Abuse cases to move ahead
Nearly two dozen adults who claim they were molested as children by priests won an early round in Allegheny County Court when a judge ruled Tuesday that their lawsuits can proceed against the Catholic Diocese of Pittsburgh and its leaders.
Common Pleas Judge R. Stanton Wettick Jr. rejected the church’s claim that the lawsuits should be thrown out because they weren’t filed within the time allowed for such claims, called the statute of limitations. Wettick’s ruling means the lawsuits can proceed to a fact-finding period called discovery.
Ruling in a test case that applies to all claims, Wettick wrote: “A jury may find that there is a loud ring of truth to plaintiff’s statement that he and his family never approached Diocesan officials to ask whether they had knowingly assigned to their church, to work directly with the parishioners including young boys, a priest with a history of sexually molesting children, because it would never cross their minds that the church would do so.”
Wettick’s ruling was on preliminary legal issues and not on whether the abuse occurred. Nor did he rule on any action by church leaders. A jury could still decide that the statute of limitations applies.
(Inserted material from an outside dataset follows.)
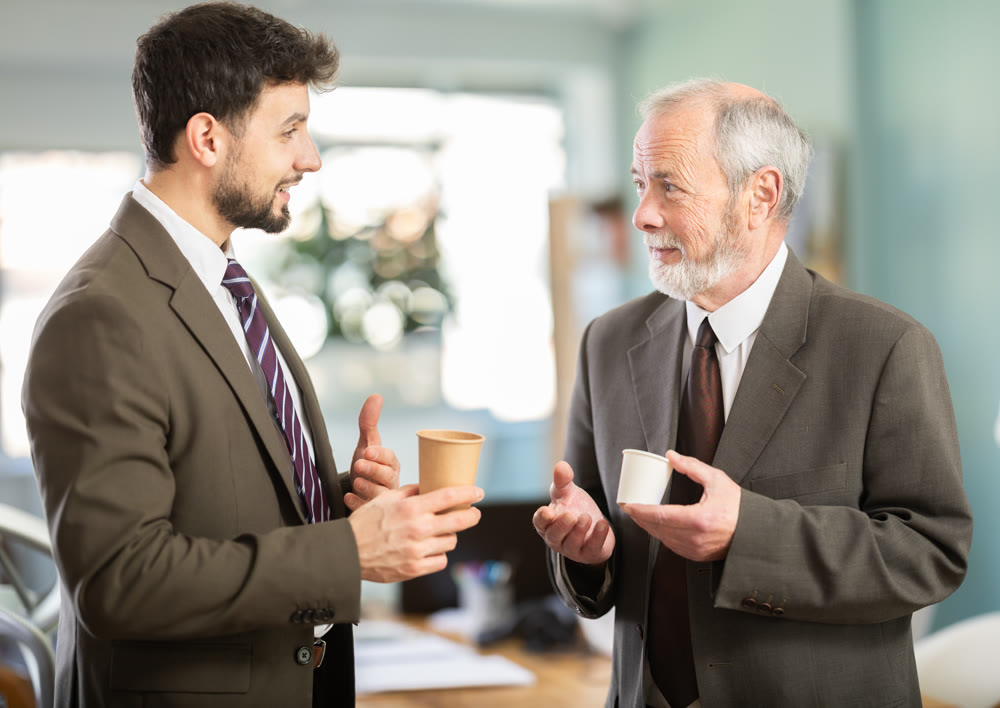 Two men colleagues chat and laugh during coffee break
The lawsuits allege that the diocese engaged in a conspiracy to shield priests accused of abuse by shuffling them to different assignments. The lawsuits maintain that the plaintiffs knew nothing of this until a nationwide priest sex abuse scandal made headlines in 2002.
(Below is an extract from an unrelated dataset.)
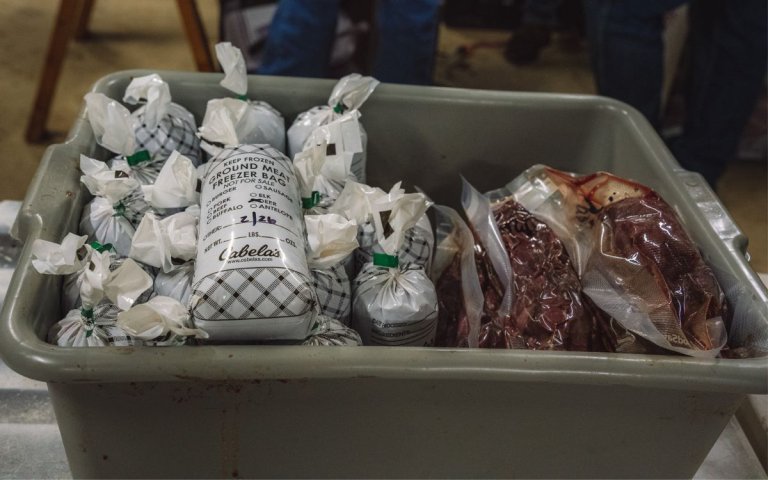 A meat lug full of packaged burger and pastrami sits on a table.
Wettick ruled that a jury, not a judge, will determine whether and when a reasonable person should have suspected the leaders took such steps.
“Obviously, our clients are extremely pleased with the judge’s decision,” said Alan H. Perer, a Downtown attorney who filed the lawsuits with attorney Richard M. Serbin, of Altoona.
“I think it will be hard to prove what the leaders knew, but we knew that from the beginning,” Perer said.
As leader of the six-county diocese’s 815,000 Catholics, Bishop Donald Wuerl has built a national reputation for not tolerating predator priests. Pittsburgh Diocese spokesman Rev. Ronald Lengwin said the diocese has no plans to settle the cases because the lawsuits are factually wrong and because of Wuerl’s no-tolerance stance.
“We just believe these have been charges made against us irresponsibly, and we want to defend our good name,” Lengwin said.
Diocese lawyers had argued that the purported victims had a legal duty to determine years ago whether church officials knowingly shielded predator priests and allowed them access to children. The lawsuits have been brought against the diocese, Wuerl and Wuerl’s predecessor, Cardinal Anthony Bevilacqua, who recently retired as archbishop of Philadelphia.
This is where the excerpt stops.